» **Annotated photo localization data**:

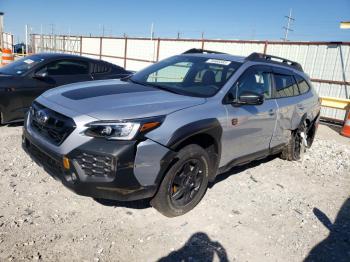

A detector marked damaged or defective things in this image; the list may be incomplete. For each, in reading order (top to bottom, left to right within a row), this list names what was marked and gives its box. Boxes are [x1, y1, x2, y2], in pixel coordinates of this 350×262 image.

damaged suv [21, 49, 320, 217]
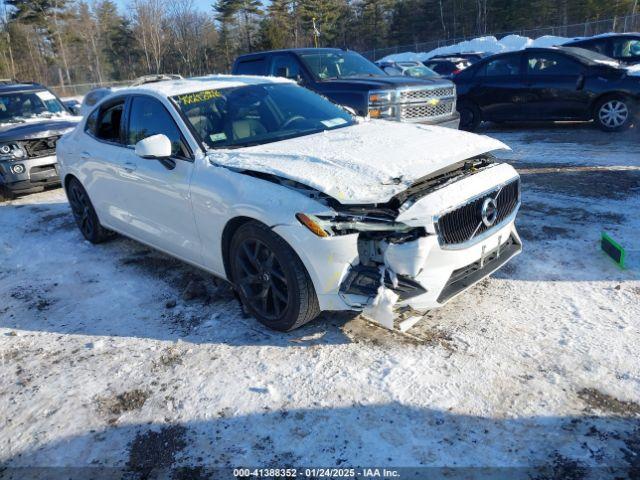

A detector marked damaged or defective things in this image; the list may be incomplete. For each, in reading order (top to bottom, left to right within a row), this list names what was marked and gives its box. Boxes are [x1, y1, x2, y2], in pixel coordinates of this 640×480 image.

broken headlight [0, 142, 26, 161]
damaged white volvo s60 [57, 76, 524, 330]
broken headlight [296, 212, 412, 238]
cracked hood [210, 121, 510, 205]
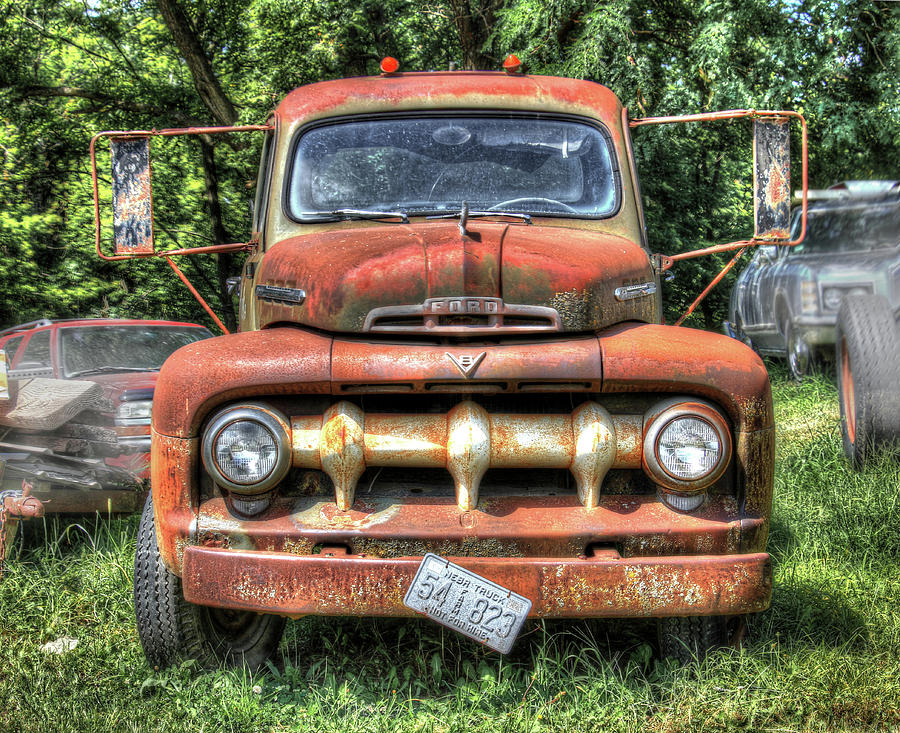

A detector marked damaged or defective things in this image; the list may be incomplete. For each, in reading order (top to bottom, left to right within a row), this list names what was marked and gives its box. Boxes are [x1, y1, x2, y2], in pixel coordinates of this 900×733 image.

rusted metal surface [110, 139, 155, 256]
rusted metal surface [752, 116, 796, 239]
rusty truck hood [253, 217, 652, 332]
rusted metal surface [292, 400, 624, 508]
rusted metal surface [193, 492, 756, 560]
rusted metal surface [183, 544, 772, 616]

» **Work instruction**: Copy nothing except the lines from the one with "this 900×733 image." through the end of the records; keep each exactly as it appears, first and last included.

» **Output for this task**:
A detector marked damaged or defective things in this image; the list may be incomplete. For each, in reading order (top to bottom, left to right within a row), this list names what was marked and gives its box. Boxes are [x1, y1, x2, y2], in pixel coordinates of this 900×733 image.

rusted metal surface [110, 139, 155, 256]
rusted metal surface [752, 116, 796, 239]
rusty truck hood [253, 217, 652, 332]
rusted metal surface [292, 400, 624, 508]
rusted metal surface [193, 492, 756, 560]
rusted metal surface [183, 544, 772, 616]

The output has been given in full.